12. Player choice is a big part of the game, and more than 30 hours of interactive cutscenes have been incorporated into Odyssey. If you aren’t particularly into story, well, that’s a choice, too. “As a narrative director I would be lying if I said that I didn’t care if people didn’t resonate with story and didn’t want to experience story, because I think that story is very important to establish a connection between the player and the game,” MacCoubrey says. “But I do understand very much that for some people, story is something that they don’t want to get invested in. So we do accommodate players in the way that, yes, they still have to interact with dialogue in order to progress through the story, but you can skip through dialogue as you’re going through. There’s always a push-through option to make sure you can get through dialogue and you can skip through cinematics.”
13. Weather is dynamic and beautiful (if you don’t mind getting wet). “As you travel around you’ll come across different atmospheres and you’ll hit some places that are foggy, some places that are rainy, some places that are stormy, because we have reintroduced a full weather system into Odyssey,” says world director Ben Hall. “So you’ll see the sun-bleached skies, but you’ll also see the thunderstorms on the ocean and the waves and everything. It’s pretty dramatic and pretty cool, and it all happens dynamically.”

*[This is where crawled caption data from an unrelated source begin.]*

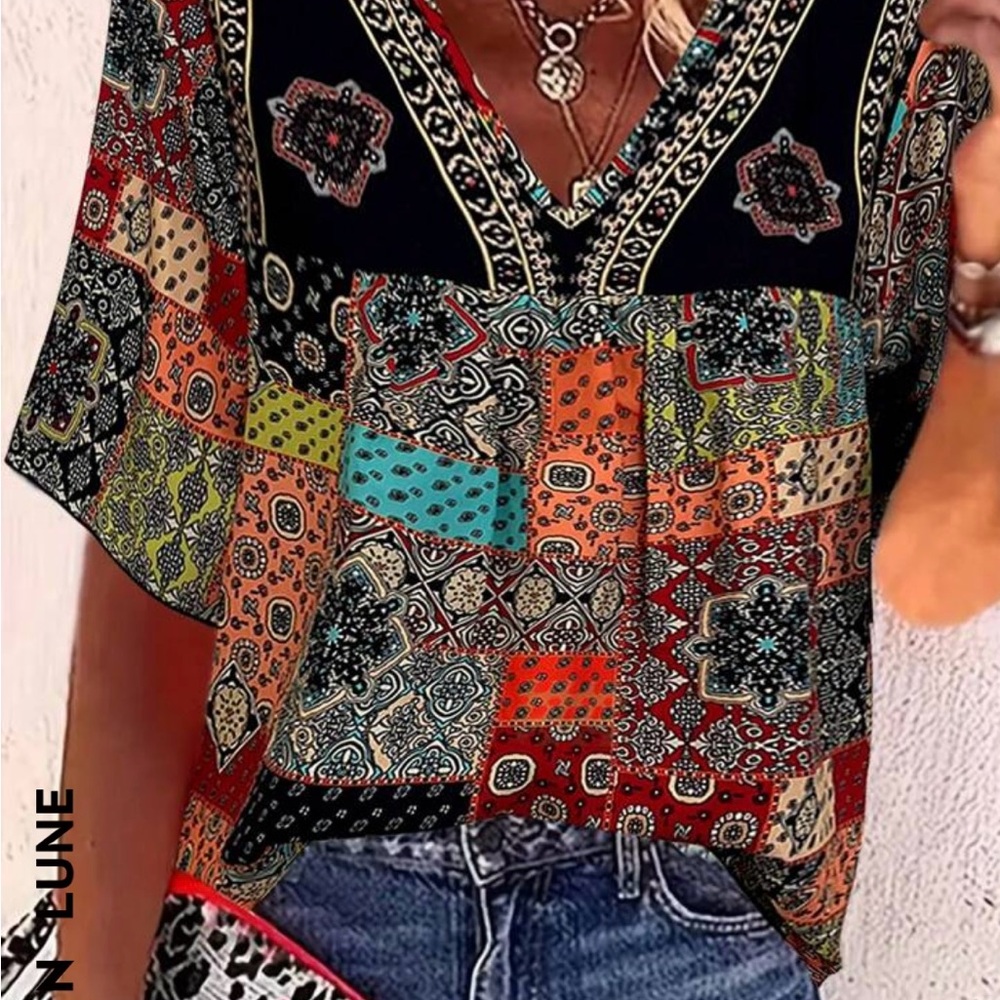 Patchwork V-Neck Women's Top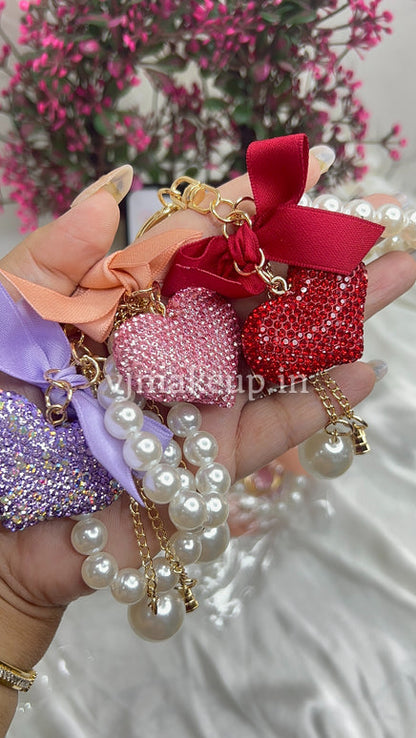 RHINESTONE HEART KEYCHAIN | KEYCHARM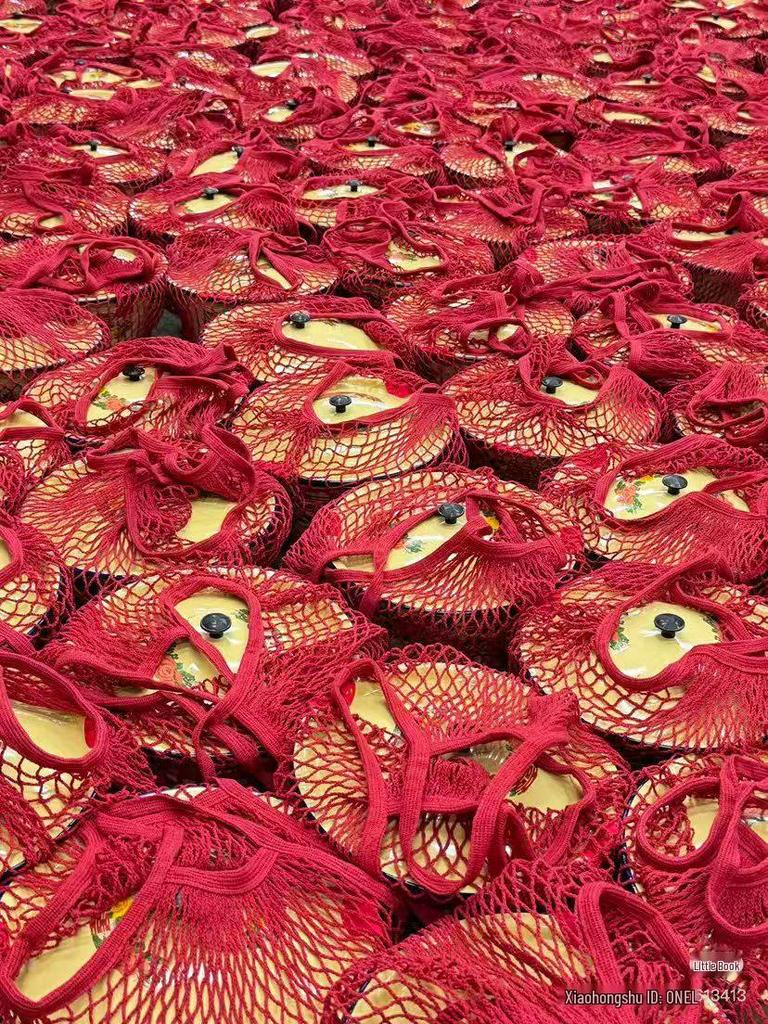 Beige Handheld Woven Mesh Shopping Bag - Polyester Cotton, Fruit Shoulder Tote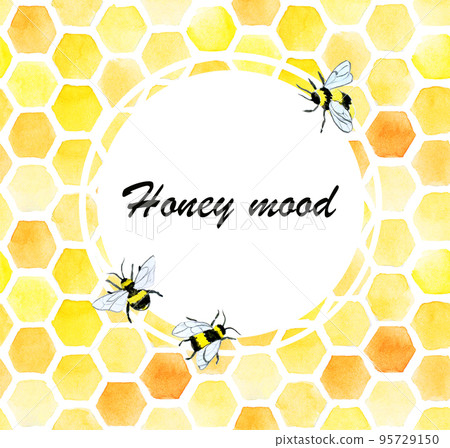 card with yellow honeycomb. frame, border, print with watercolor bee honeycomb and bee isolated on white background. card with yellow honeycomb. frame, border, print with watercolor bee honeycomb and bee isolated on white background. 95729150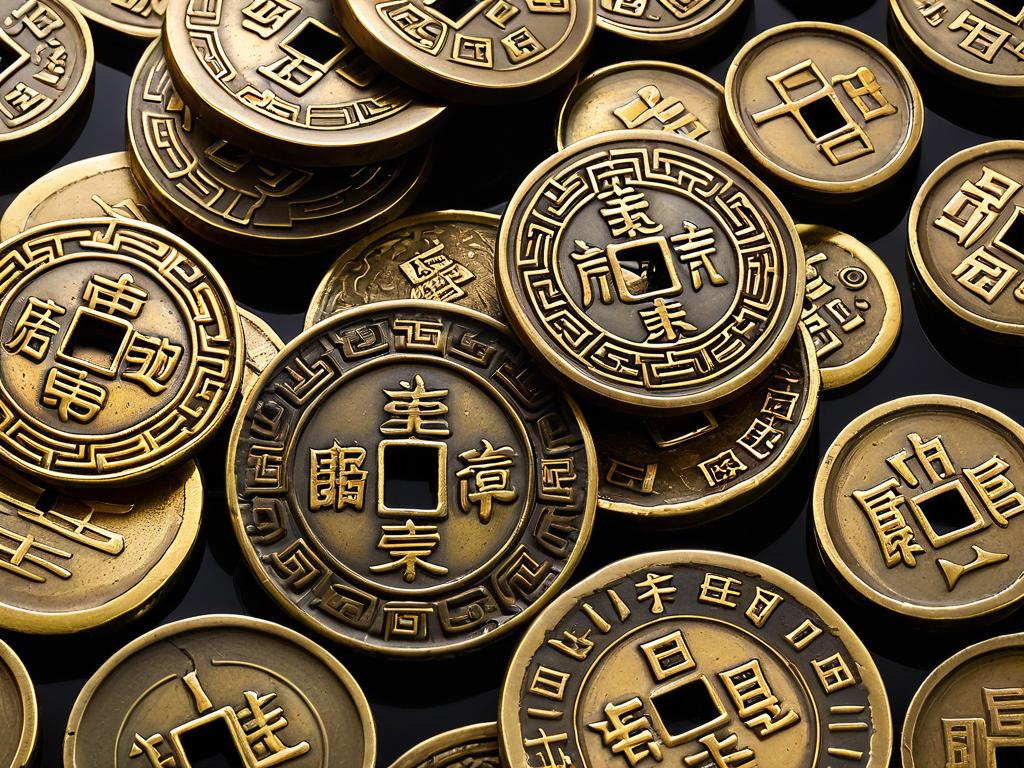 Старинные китайские деньги - бронзовые монеты и слитки на белом фоне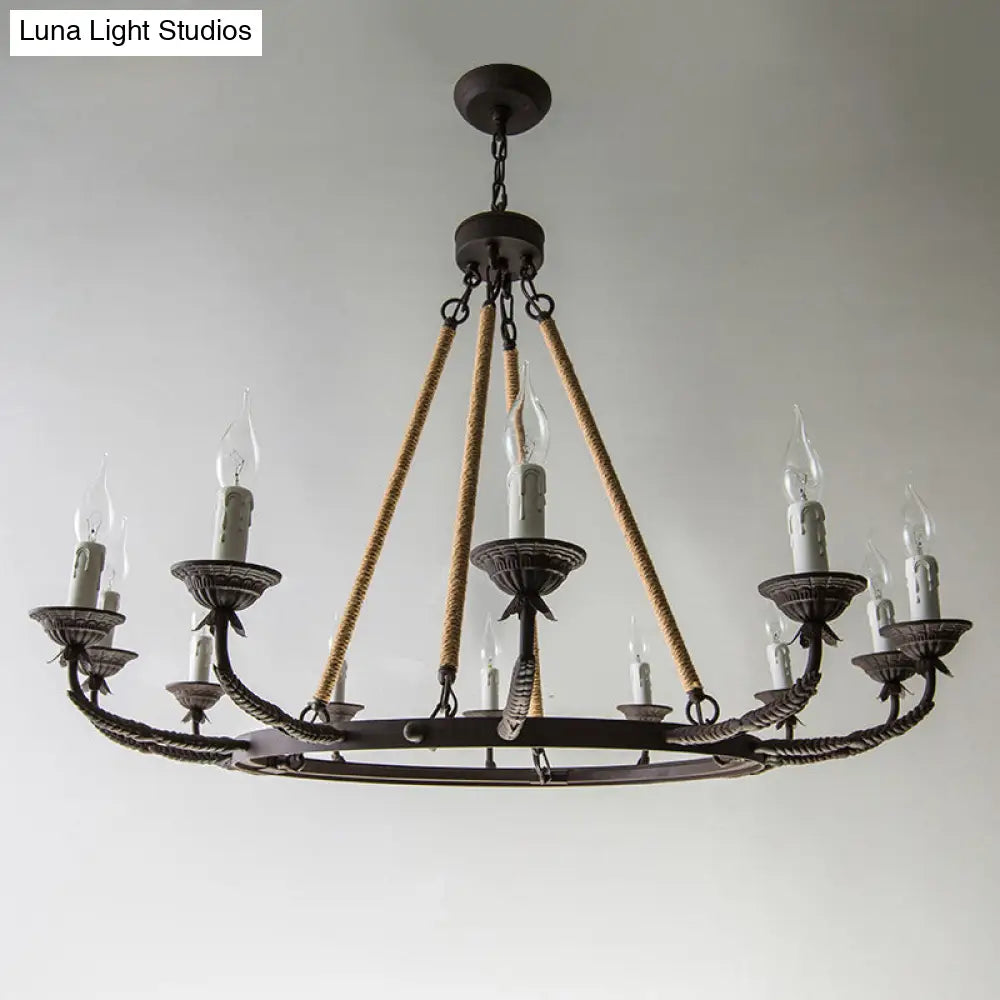 Retro Rustic Candelabra Chandelier With Hemp Rope Cord - Perfect For Living Room Pendant Lighting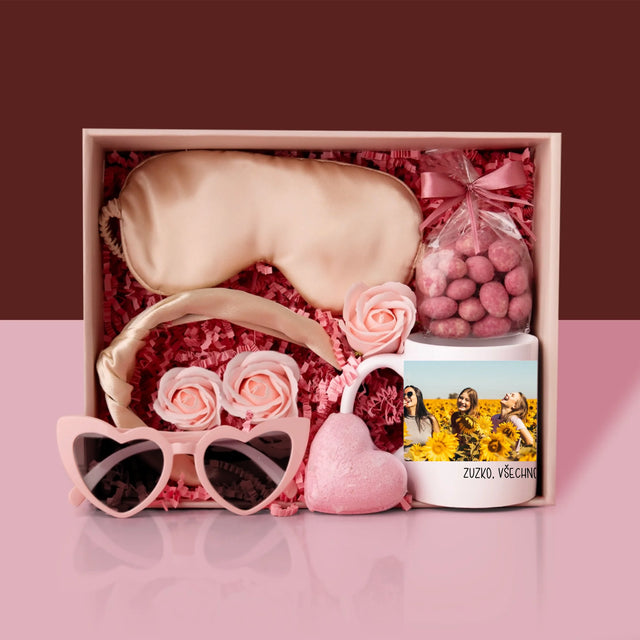 Fotokoláž: 2 Fotky A Nápis - Dárková Sada S Hrnkem A Saténovou Čelenkou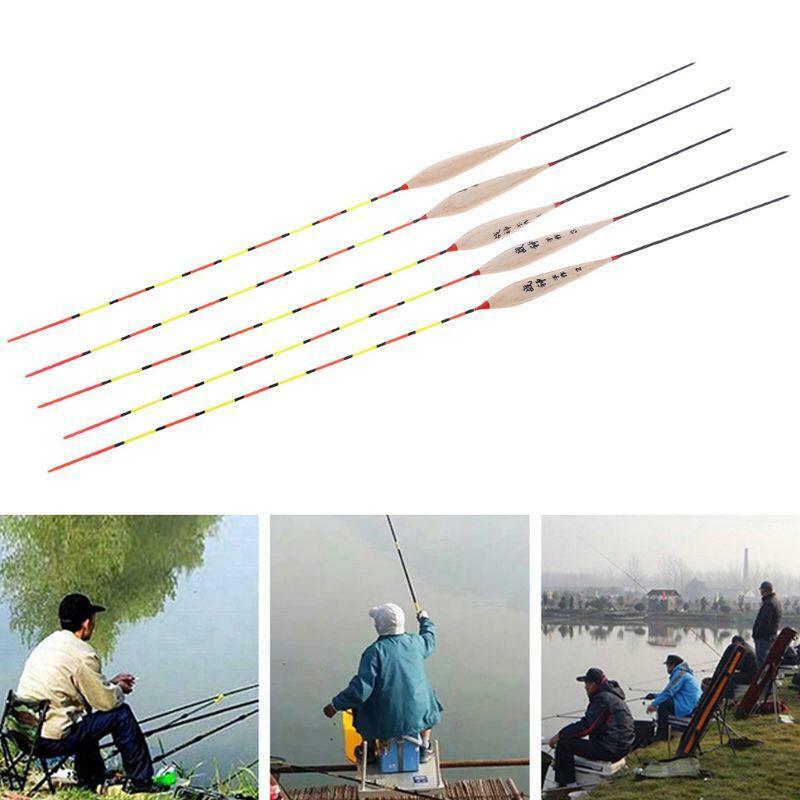 5 Pcs Fishing Float Night Luminuous Tackle Glow Stick Wood Accessories With Lead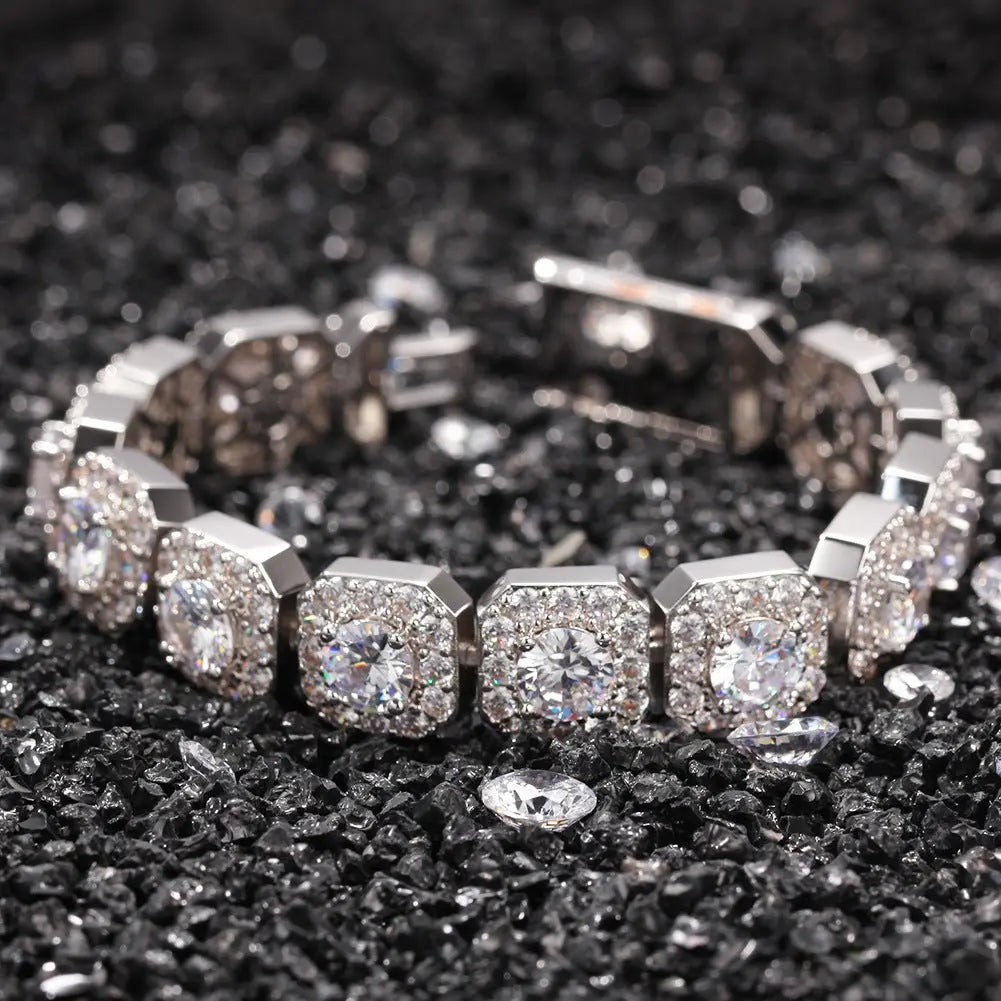 Hip-hop micro-inlaid zircon 12.5mm rock candy bracelet - Blade & Thread
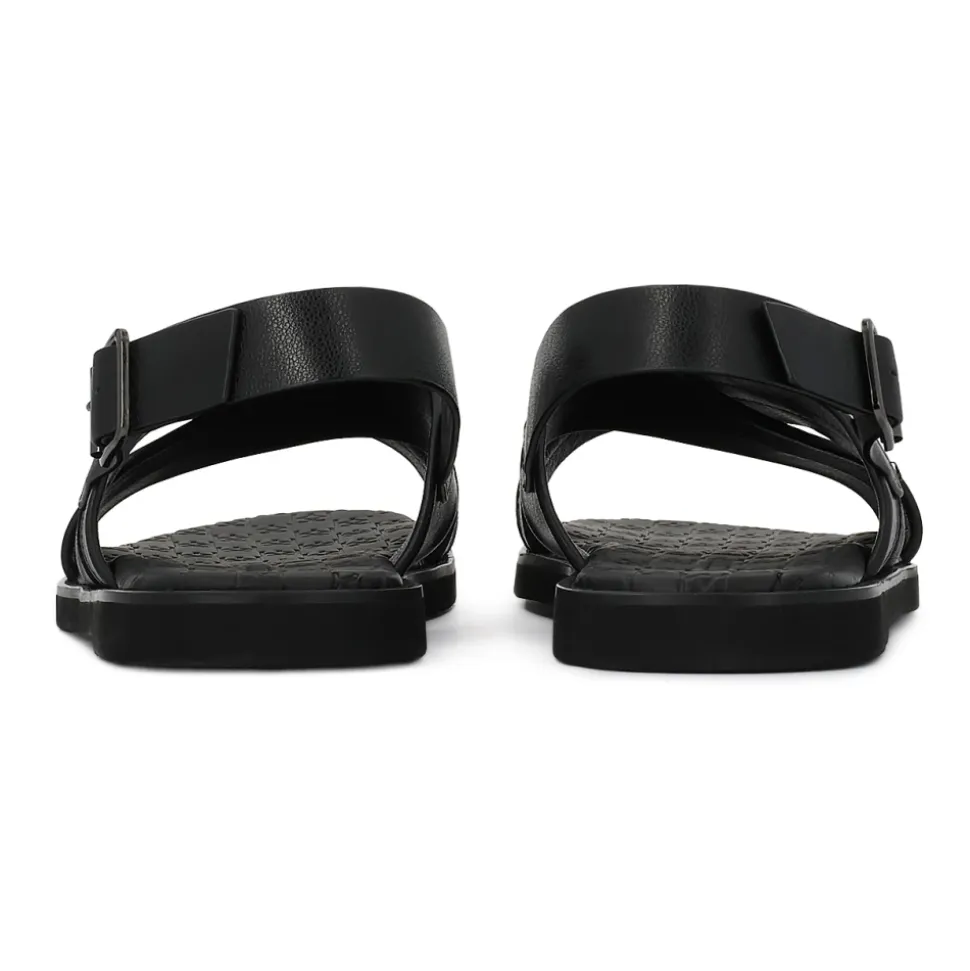 Kazar zwarte leren herensandalen met gekruiste banden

14. With Origins, Ubisoft Montreal shifted away from the reactive, counter-focused combat from previous Assassin’s Creed games in favor of a more aggressive, action-based system. Phillips says the fact that your character has a First Civilization artifact in Odyssey changes combat even further. “You have the spear of Leonidas, which allows you to parry, you’re going to be parrying much more often, but we wanted you to be dodging, rolling, moving around the fight much more often than you might have in Assassin’s Creed Origins. The pace of the combat is a little bit quicker, you need to be a little more reactive within the fight at the core.”
15. Players square off with several different factions in Assassin’s Creed Odyssey. “We’ve got the Spartans, which are sort of the more crazed, up-close dangerous fighters,” Phillips says. “They will go berserk and do more damage when they get low on health. We’ve got the Athenians, which are a bit more tactical. They will use archers and shields. Bandits will be ever present, attacking everyone, and they use quick get in, get out, move fast and get away tactics. And then we have what we initially called micro factions.” The Daughters of Artemis follow the goddess of the hunt, and they see themselves as protectors of animals, using pets like bears to keep forests safe. The Followers of Ares are a crazed cult that does the opposite, sacrificing animals in the name of the god of war. “They’re really nuts to fight,” Phillips says. Then there are the Cultist Guards, who Phillips says are the best trained, best geared and toughest soldiers in the world. They seem to be of particular interest – there’s a tab devoted to them on the menu.
Assassin’s Creed Odyssey is coming to PlayStation 4, Xbox One, and PC on October 5.